Knut Rostad, co-founder and president of the Institute for the Fiduciary Standard and supporter of the proposed regulation, said in a statement that Trump's move was "both deeply disappointing and entirely expected."
However, the pause in rule implementation "brings a new opportunity for fiduciary advocates to rethink strategies in line with how dramatically the positions of the field have shifted," he added. "We need to remake messages to better challenge dubious or misleading or plainly wrong statements about the DOL rule."
Should the rule ever become effective, all financial advisors will be required to recommend what is in the best interests of clients when they offer guidance on 401(k) plan assets, individual retirement accounts or other qualified funds saved for retirement.

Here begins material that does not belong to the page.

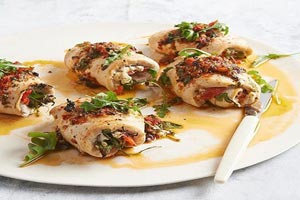 طرز تهیه ی رول مرغ با فلفل کبابی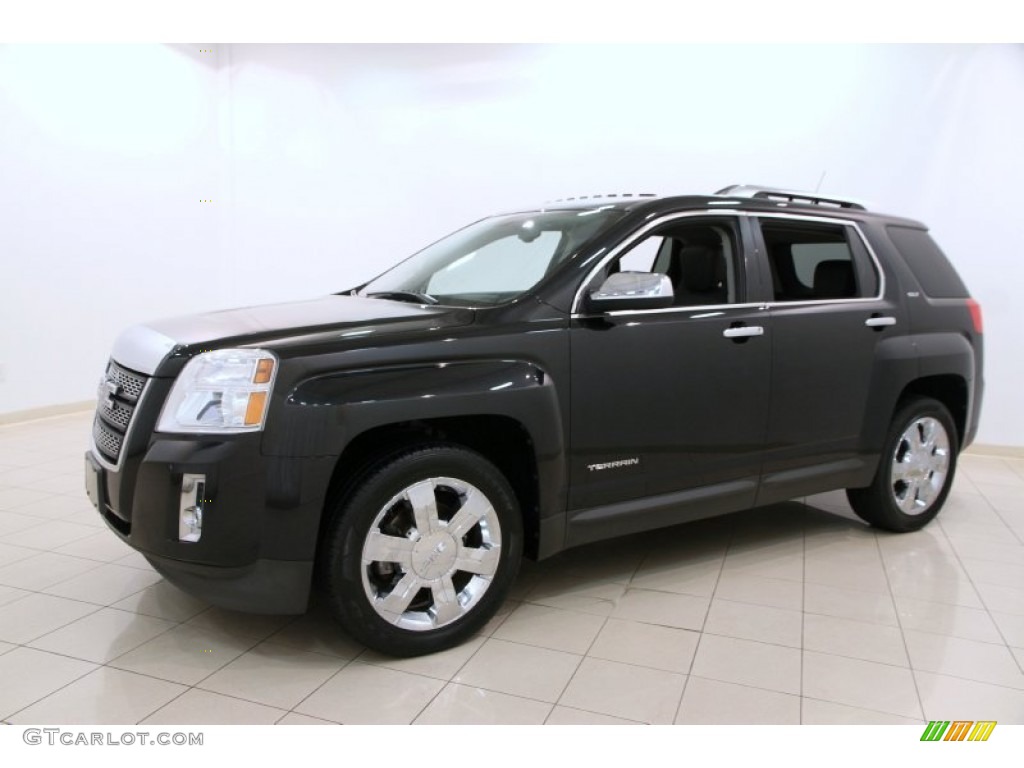 Carbon Black Metallic 2011 GMC Terrain SLT AWD Exterior Photo #103696809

It's for that reason that certified financial planners Peter Mallouk, president and chief investment officer of Creative Planning; Barry Glassman, founder and president of Glassman Wealth Services; and Tom Stringfellow, president, managing director, CIO and fund co-manager of Frost Investment, say they believe that it's important for investors to truly understand the importance of the regulation.
They urge investors to ask key questions of their advisors to ensure they have a fiduciary responsibility to put the clients' interest above their own financial gain when offering individual retirement advice.
These advisors stress the need for investors to find out how their advisor is compensated. To that point, many investors just don't realize how much they are paying in fees, so it's very important to understand exactly how advisors get paid.